Diğerleri de onun ardından mutfağa geçerken aklımdan Seul geçiyordu. Mutfakta olsaydı şimdiye çoktan cıvıltısı duyulurdu. Yemeği yaptıktan sonra hayvanlarla ilgilenmiş ve tabi ki sonra da duş için yukarı çıkmış olmalıydı. Acaba uyuyor muydu?

Üzerimdeki kıyafetlerden ve takılardan kurtulmak için merdivenlere yöneldim. Boynumdaki şey fazla rahatsızdı. Bir yandan ensemdeki düğmeyi açmaya çalışırken bir yandan da aklımdaki düşünceye gülümsüyordum. Seul'ün benim hakkımdaki şeyleri, v olduğumu bilerek söylediğini duyduğum andan itibaren kendime engel olamıyordum. Yorgunluktan bayılacak bir hale gelsem de ardından gülebiliyordum. Ağzından çıkan cümleleri bile isteye söylemişti. Ah. Bu kız ayarlarımla oynuyordu.

Gözlerimin içine bakarken 'Sen karşındaki kızın şansı olursun' dediği gerçeği kalbimin içinde tuhaf kıpırtıların oluşmasına sebep oluyordu. Benim hakkımdaki düşünceleri değişmeden önce ona 'senin şansın olma şansını bana verir misin?' demek istiyordum. Öyle çok istiyordum ki günlerdir aramızdaki konuşmayı bir şekilde oraya getirip duruyordum ama bir şekilde asla konuşmayı tamamlayamıyordum. Konuşmaya giremeden ya biri geliyordu ya da Seyeon denen çocuk arıyordu. Sahi ne çok arıyordu!. Nedense görücü meselesini çıkaran teyzeler değil de o çocuktu gibi hissediyordum. Sürekli görüşmek istiyordu. Ne zaman nasıl tanışmışlardı bilmiyordum ama o çocuk hakkında iyi şeyler hissetmiyordum.

Seul'ün işten ayrıldığı ilk gün, David gelmeden hemen önce o çocuğu net bir şekilde görmüştüm. Seul'e dokunduğu anda kafam atsa da yapabileceğim bir şey yoktu. En çok da bu dokunmuştu. Bir şey söylemeye hakkımın olmaması.

İlk gördüğüm zaman uzun olduğunu fark etsem de yüzünü görememiştim fakat çocuk oldukça da yakışıklıydı, bu daha çok canımı sıkıyordu. Çok hoş davranışları olduğunu da duymuştum Seul'den. Her yönden iyi olması benim sinirlerimi bozuyordu. İyi bir insan olması onu sevmemi gerektirmiyordu ama Seul için önemliydi. Bir şekilde ona hislerini söylerse Seul'ü hiç kazanamadan kaybedebilirdim.

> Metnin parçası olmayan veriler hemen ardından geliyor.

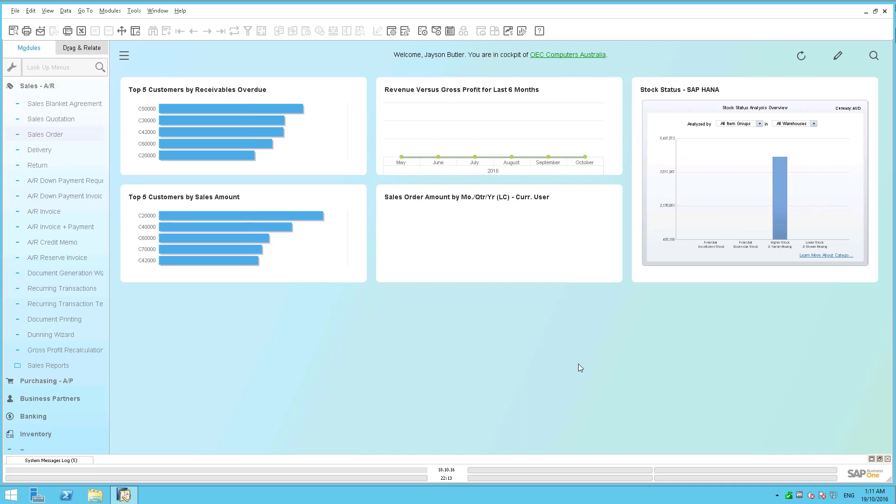So in this session I'd like to get a little bit more technical and cover one of the new features in SAP Business One version 9.2 patch level 4.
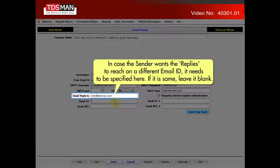In case the sender wants the replies to reach a different email ID, it needs to be specified here. If it is the same, leave it blank.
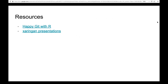A couple of resources recommended from the previous cohort by Maya: the 'Happy Git with R' book, which talks about how to use Git and GitHub in your workflow — version control, pushing, pulling, committing. And there's a link to the Xaringan presentation template for R Markdown that the previous cohort used, so you can create your slides in R Markdown for your weekly presentation.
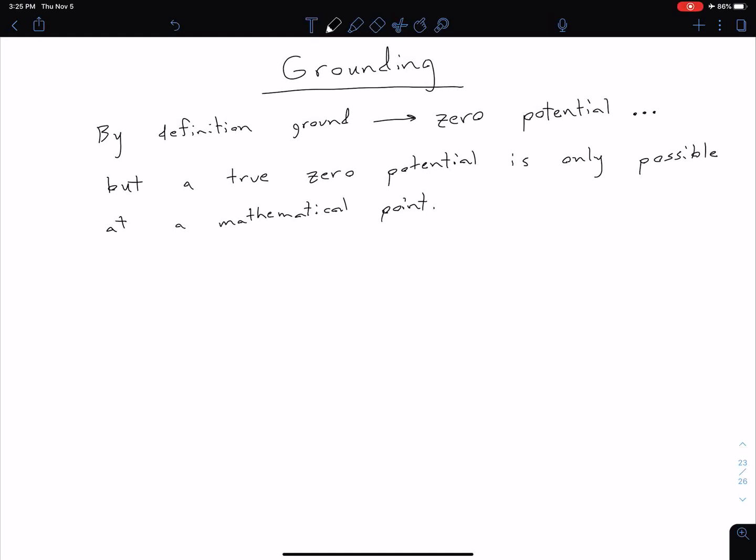The next method for helping reduce EMI we're going to look at is proper grounding. By definition, ground means a point where we have zero potential, but we can only ever truly have zero potential at a mathematical point. The reason for that is because in the real world, our connecting wires and cabling are going to have some non-zero resistance.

Boynumdaki kolyeyi çıkarmayı beceremeyince vazgeçerek parmağımla kaşınan yeri kaşıdım. Sonra da dönüp gömleğimin üst düğmelerini açmaya başladım. Bir şeyler yapmam gerekiyordu. Günlerdir diyemediğim şeyleri bir anda demem gerekiyordu. Hislerimi ifade etme konusunda çok da iyi değildim. Hayranlarıma olan aşkımı itiraf etmekle beni bu derece etkileyen bir kadına olan duygularımı açmak aynı şey değildi.

Odama doğru geçtiğim sırada duyduğum ses ile kaşlarımı çattım. Düğmelerimle uğraşmayı bırakıp adımlarımı hızlandırmıştım.

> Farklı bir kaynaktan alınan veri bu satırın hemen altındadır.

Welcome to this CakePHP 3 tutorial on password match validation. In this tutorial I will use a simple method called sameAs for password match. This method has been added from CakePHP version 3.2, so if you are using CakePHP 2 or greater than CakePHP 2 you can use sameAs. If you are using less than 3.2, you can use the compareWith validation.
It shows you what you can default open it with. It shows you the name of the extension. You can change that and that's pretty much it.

"Dur! Az evvel temizlik yaptım. Pis olmuşumdur!" Seul'ün sesi odamdan geliyordu. Peki kiminle konuşuyordu. Kaşlarım bilgim dahilinde olmadan çatılırken yavaşça aralık olan kapıyı açtım.

"Burada neler oluyor?"

Gözlerim yatağımın üzerine döndüğü zaman durdum. Seul yatağımın ayak ucunda yatıyordu. Peki neden yüzünü kapatmıştı? Yatağa yaklaşırken Yeontan'ı görünce gülümsedim. Anlaşılan oyun oynuyorlardı.

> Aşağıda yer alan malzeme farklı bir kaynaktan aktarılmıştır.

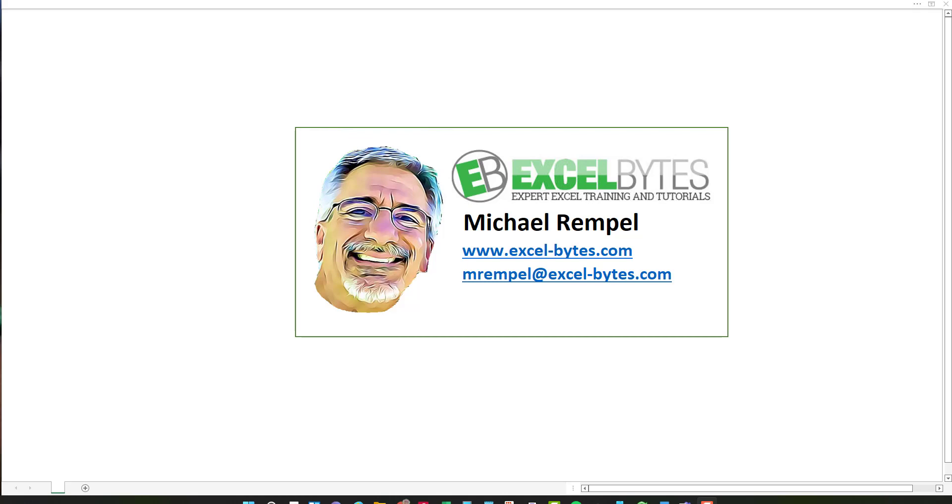Hello everyone, Mike Rempel from Excel Bytes with today's Excel Bytes blog post. Today we're going to take a look at how to compare before and after inventory lists when the inventory might be in multiple locations and the lists are not in the same order. And I want to see how the quantities of those items changed from month to month or year to year, whatever those two periods are. So let's see how we can do that in Excel.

Uzanıp Yeontan'ı kucağıma aldım. Yaramazlık yapmaktan aldığı zevkten olsa gerekti ki Yeontan çok mutlu görünüyordu.

Göz ucuyla tekrar yatağa baktığım zaman kolları hala yüzüne kapalı halde bekleyen Seul'ü gördüm. Bakışlarımı kaçırmak istesem de yapamıyordum. Gözlerim bir şekilde onun yatağımda uzanan bedenine kayıyordu.